+++ Working data +++

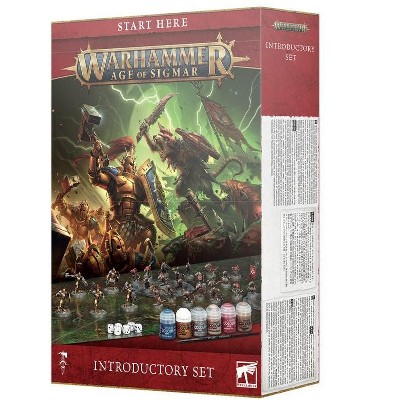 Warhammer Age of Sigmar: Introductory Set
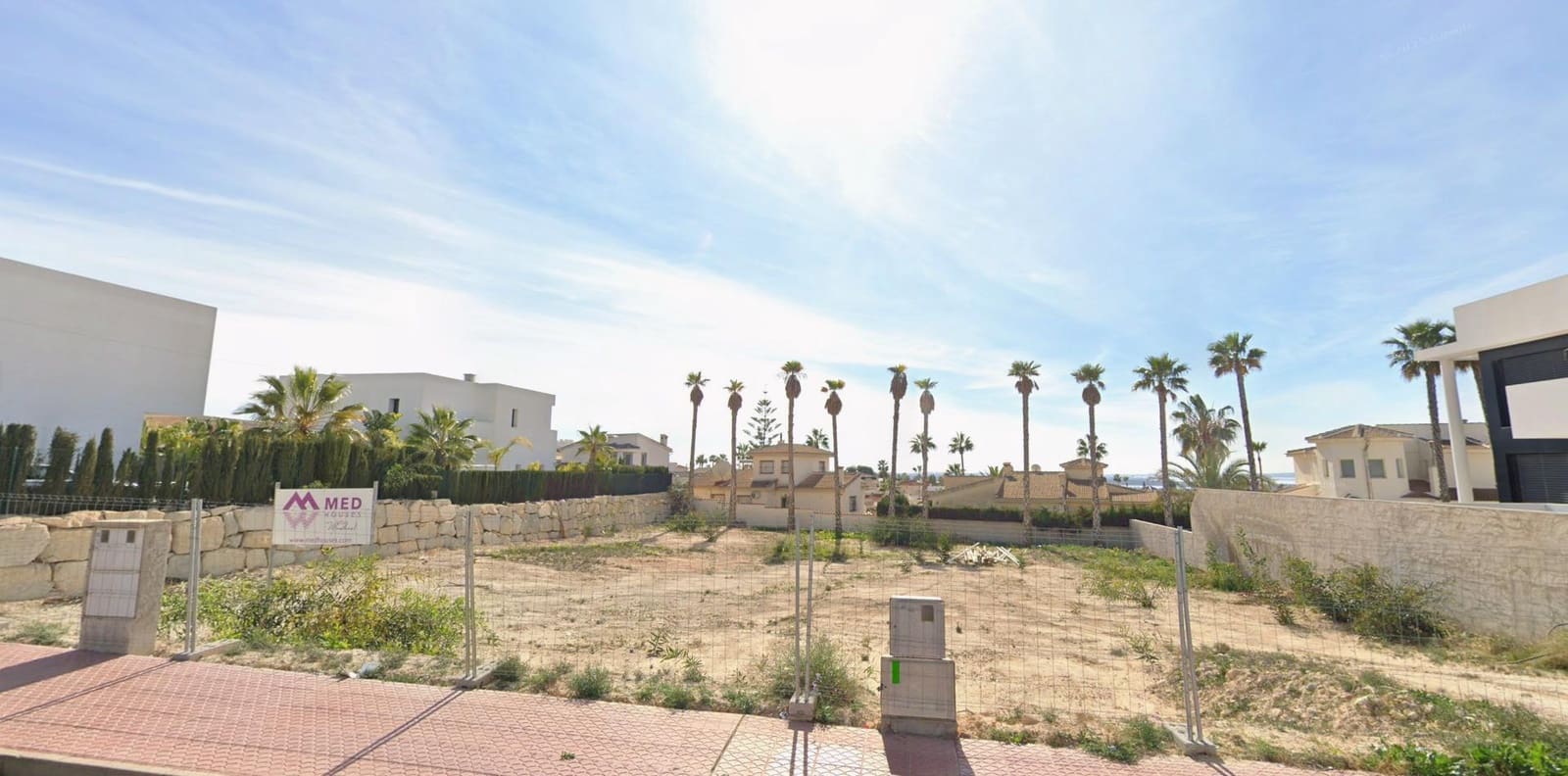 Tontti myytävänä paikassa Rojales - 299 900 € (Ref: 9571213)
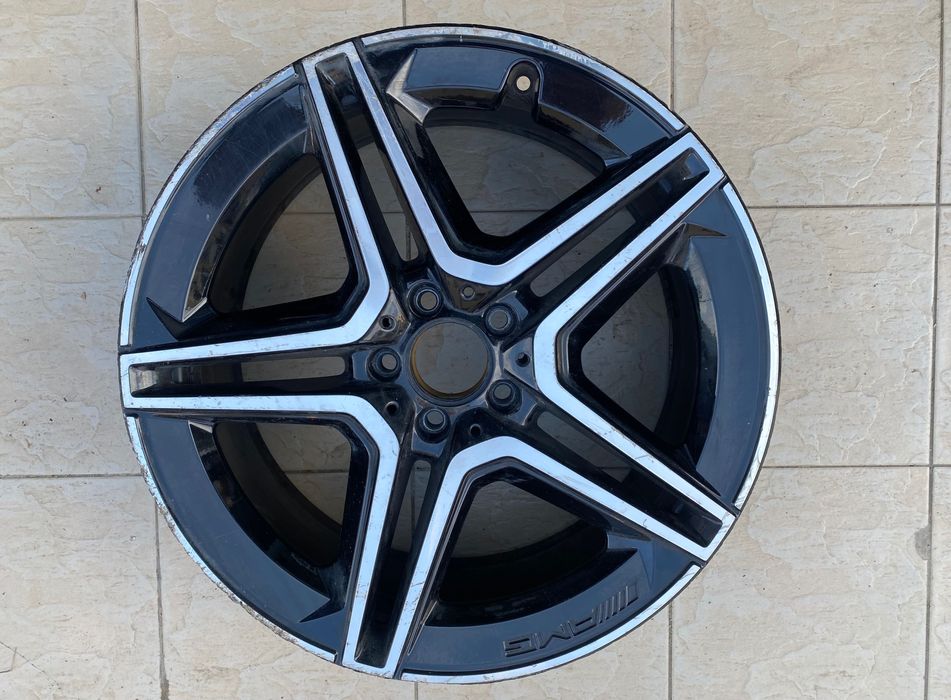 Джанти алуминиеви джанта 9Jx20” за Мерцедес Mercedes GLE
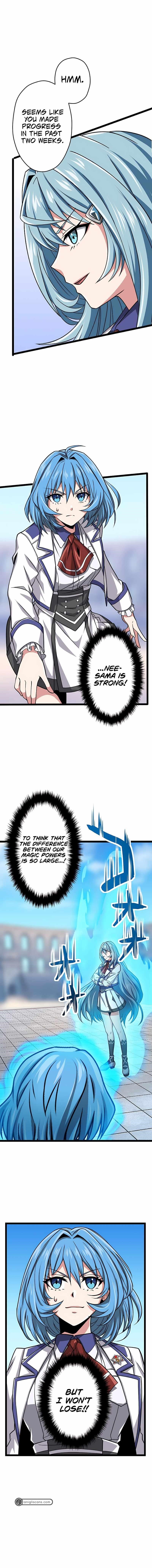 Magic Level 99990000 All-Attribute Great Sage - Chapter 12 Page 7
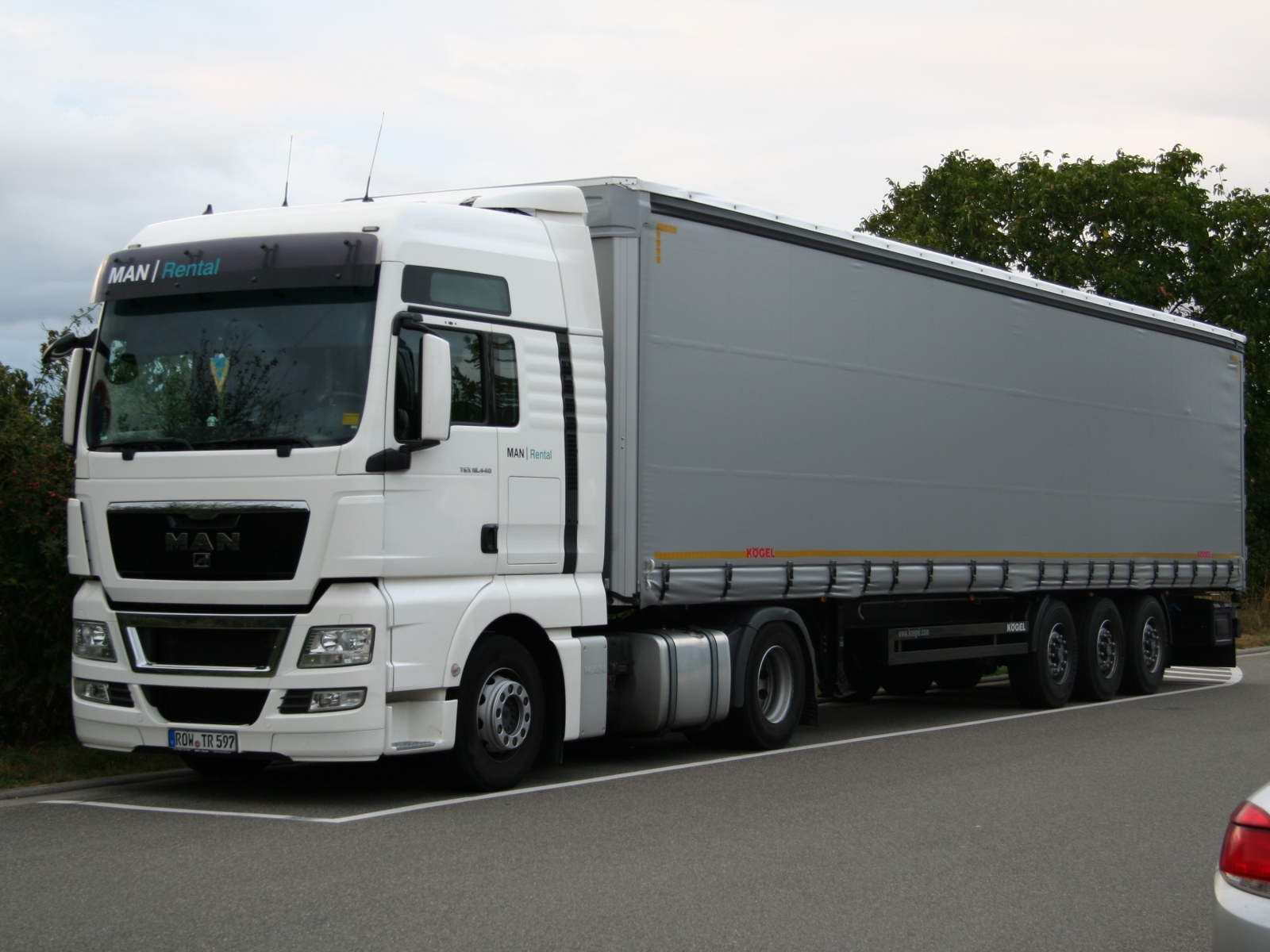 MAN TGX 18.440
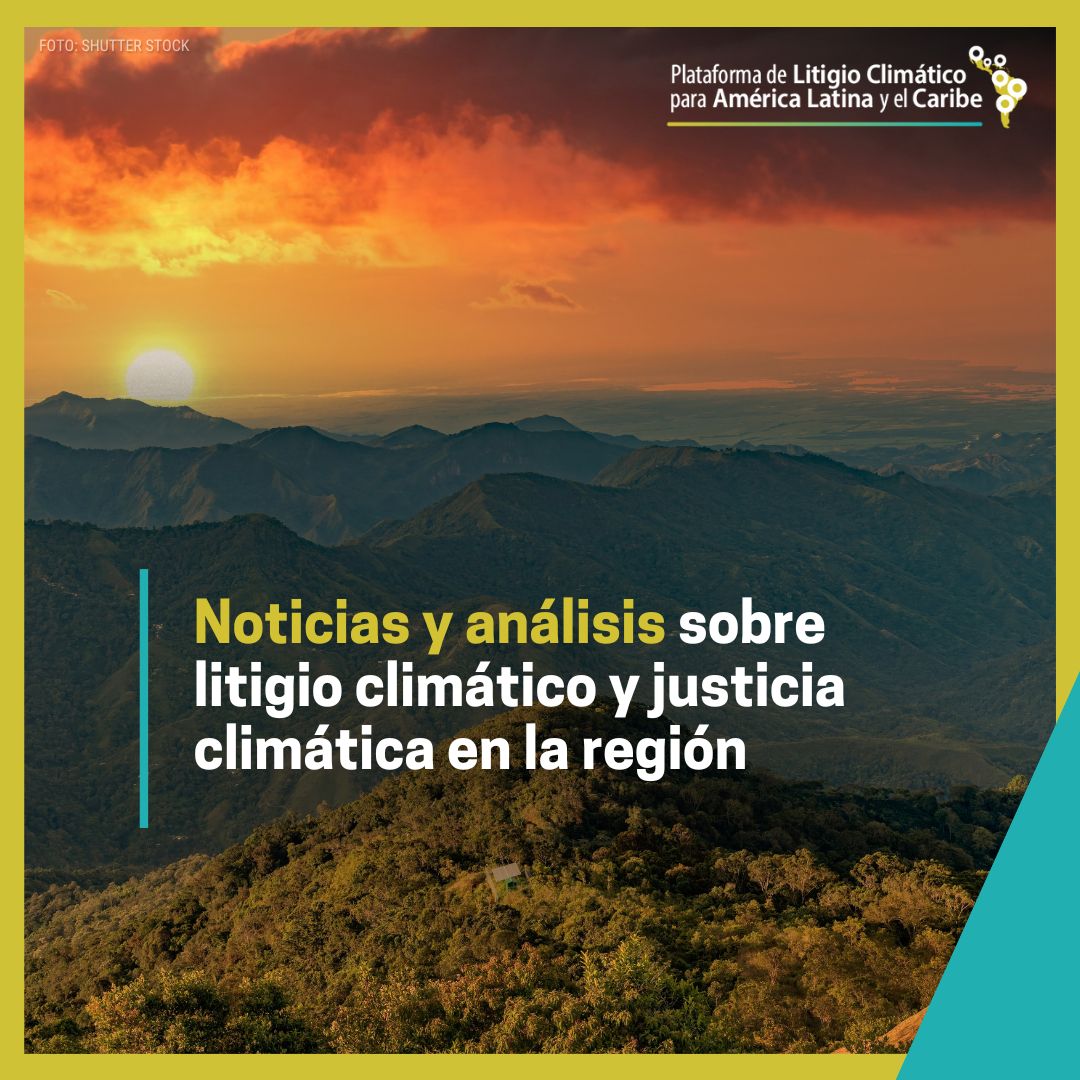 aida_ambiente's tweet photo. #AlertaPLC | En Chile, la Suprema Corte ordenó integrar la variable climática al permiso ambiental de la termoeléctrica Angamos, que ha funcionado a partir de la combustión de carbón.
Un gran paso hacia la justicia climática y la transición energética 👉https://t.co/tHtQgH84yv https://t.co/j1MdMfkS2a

+++

• _Activity_: A word-for-word copy of the material is required; pictures stay out of it.

• _Written response_:
 Warhammer Age of Sigmar: Introductory Set
 Tontti myytävänä paikassa Rojales - 299 900 € (Ref: 9571213)
 Джанти алуминиеви джанта 9Jx20” за Мерцедес Mercedes GLE
 Magic Level 99990000 All-Attribute Great Sage - Chapter 12 Page 7
 MAN TGX 18.440
 aida_ambiente's tweet photo. #AlertaPLC | En Chile, la Suprema Corte ordenó integrar la variable climática al permiso ambiental de la termoeléctrica Angamos, que ha funcionado a partir de la combustión de carbón.
Un gran paso hacia la justicia climática y la transición energética 👉https://t.co/tHtQgH84yv https://t.co/j1MdMfkS2a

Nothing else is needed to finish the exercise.